• [Action item]: A line below contains "غرفة بريميوم عائلية", and a later one contains "May include: Black". Repeat both, with every line between them, exactly.

• [Input data]:
__________

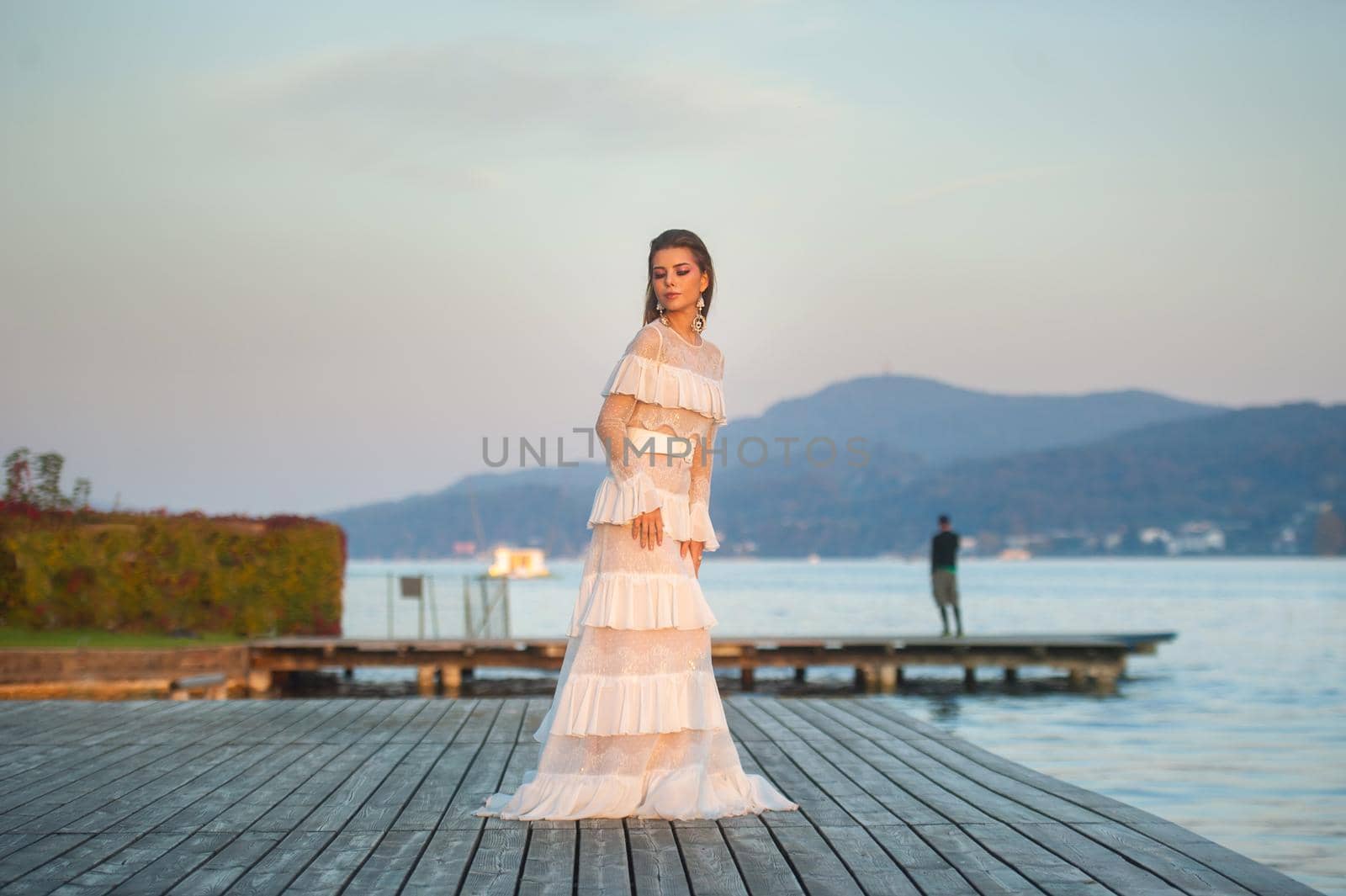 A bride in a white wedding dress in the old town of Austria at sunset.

__________

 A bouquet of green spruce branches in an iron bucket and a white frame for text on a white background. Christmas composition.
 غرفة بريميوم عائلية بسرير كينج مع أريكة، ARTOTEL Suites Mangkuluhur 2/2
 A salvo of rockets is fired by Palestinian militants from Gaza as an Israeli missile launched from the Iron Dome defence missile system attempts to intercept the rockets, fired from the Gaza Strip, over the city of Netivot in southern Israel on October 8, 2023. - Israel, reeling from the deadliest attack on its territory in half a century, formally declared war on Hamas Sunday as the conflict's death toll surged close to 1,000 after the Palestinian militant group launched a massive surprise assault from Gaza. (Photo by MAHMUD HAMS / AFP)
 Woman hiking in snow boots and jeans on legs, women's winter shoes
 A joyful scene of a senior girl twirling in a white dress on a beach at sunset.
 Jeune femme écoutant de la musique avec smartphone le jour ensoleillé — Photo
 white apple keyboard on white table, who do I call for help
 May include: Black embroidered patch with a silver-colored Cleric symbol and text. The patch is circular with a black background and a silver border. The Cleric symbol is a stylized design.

__________

• [Answer to this problem]:
 غرفة بريميوم عائلية بسرير كينج مع أريكة، ARTOTEL Suites Mangkuluhur 2/2
 A salvo of rockets is fired by Palestinian militants from Gaza as an Israeli missile launched from the Iron Dome defence missile system attempts to intercept the rockets, fired from the Gaza Strip, over the city of Netivot in southern Israel on October 8, 2023. - Israel, reeling from the deadliest attack on its territory in half a century, formally declared war on Hamas Sunday as the conflict's death toll surged close to 1,000 after the Palestinian militant group launched a massive surprise assault from Gaza. (Photo by MAHMUD HAMS / AFP)
 Woman hiking in snow boots and jeans on legs, women's winter shoes
 A joyful scene of a senior girl twirling in a white dress on a beach at sunset.
 Jeune femme écoutant de la musique avec smartphone le jour ensoleillé — Photo
 white apple keyboard on white table, who do I call for help
 May include: Black embroidered patch with a silver-colored Cleric symbol and text. The patch is circular with a black background and a silver border. The Cleric symbol is a stylized design.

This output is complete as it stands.